The poet/editors are still considering whether to sell or give away their product, and how to get it into circulation among bus riders. The anthology certainly will provide a good reminder to riders that their rides are not mundane, but full of promise; they need only look around and overhear to get the gist of life as it is lived on this island.
Buddy Bess, of Bess Press, once told me and others that he'd figured out how to get his books into the ABC stores in Waikiki, where they would have a larger clientele than the usual bookstore crowd. He would make "books" that look like guides—guides to fish, or food, or language—and he would laminate them. It seems to me that Ryan, Aiko and Gizelle (who came because her honors thesis will be on TheBus), have found a way to do the guerrilla version of this move into a larger public. They won't just publish something about TheBus for students of writing; they will also provide access to it for bus riders themselves. A really promising act of poetry activism—now they just need the money to proceed.
Monday, January 5, 2009
Poetry as Supplemental Text (or how poetry gets xeroxed for class use)
Meditation:
“In the 1980s and 1990s, as studies of the American novel became more historical, and as 'documentary' texts became the object of critical scholarship, the tendency to exclude poetry from American literature became only more pronounced. I account for this predilection by tracing the social form of poetry in the academy. But it is precisely poetry's social form that makes it important for cultural history . . . “ (19)

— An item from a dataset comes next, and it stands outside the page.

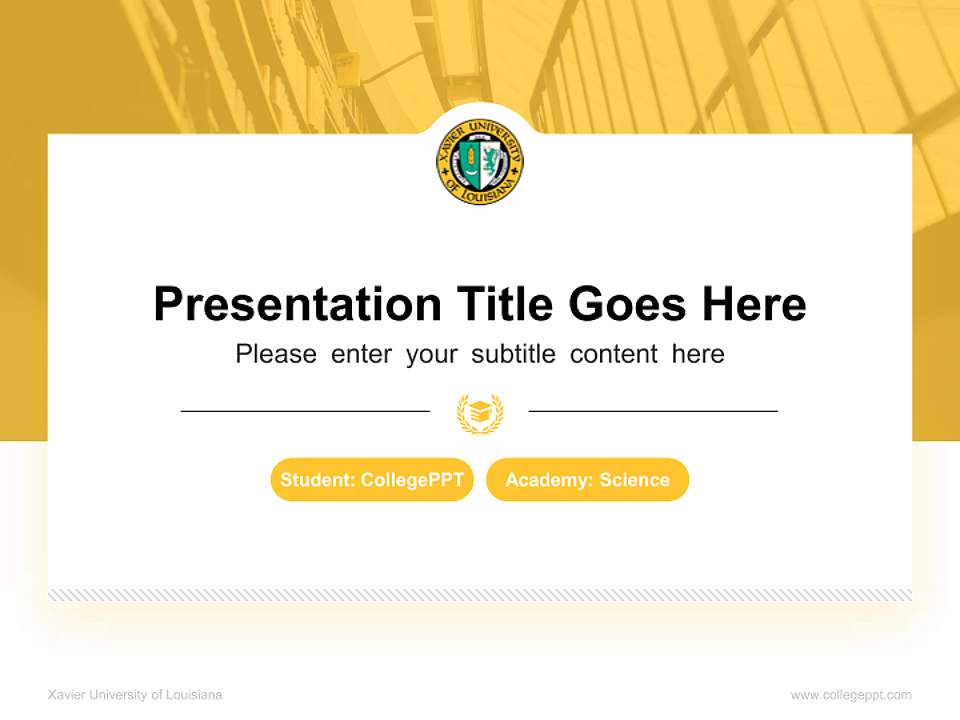 Xavier University of Louisiana National Scholarship Defense PPT Template4:3 ratio PPT effect preview image4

Joseph Harrington wrote these sentences, which you can find in his 2002 book, Poetry and the Public: The Social Form of Modern U.S. Poetics ; I am re-reading it in 2009, as I prepare for another semester of teaching. I am also reading through undergraduate and graduate course descriptions to get a sense of the departmental culture. While the culture of the UH English department is in some ways very different from that of other departments in other locations, at least in matters curricular (we are heavy on cultural studies, what used to be called “multicultural” writing, and on Hawai`i literatures), I assume that in other ways we are fairly typical. And so I come to realize that what Harrington claims for the 1980s and 1990s remains true for the 2000s. We are not bereft of courses in “poetry,” especially in creative writing; there are courses in Emily Dickinson, poetry as a genre, and in contemporary poetry and politics. What strikes me, however, is that courses labeled “literature,” rather than “poetry,” are almost exclusively given over to fiction, and sometimes to drama. Even if that statement is unfair, as it is to some extent, it is more than fair when it comes to demanding of students that they purchase books of poetry. Time and again, as I glance at course descriptions, I see—if I see poetry at all—allusions to a “course reader” or to “xeroxes” or to “on-line materials.” This is true even in many creative writing classes, where precious little reading goes on. Though our newish course 273, Creative Writing and Literature, is a welcome addition to the curriculum, because it emphasizes the necessary engagement between reading and writing, thinking about writing and doing it.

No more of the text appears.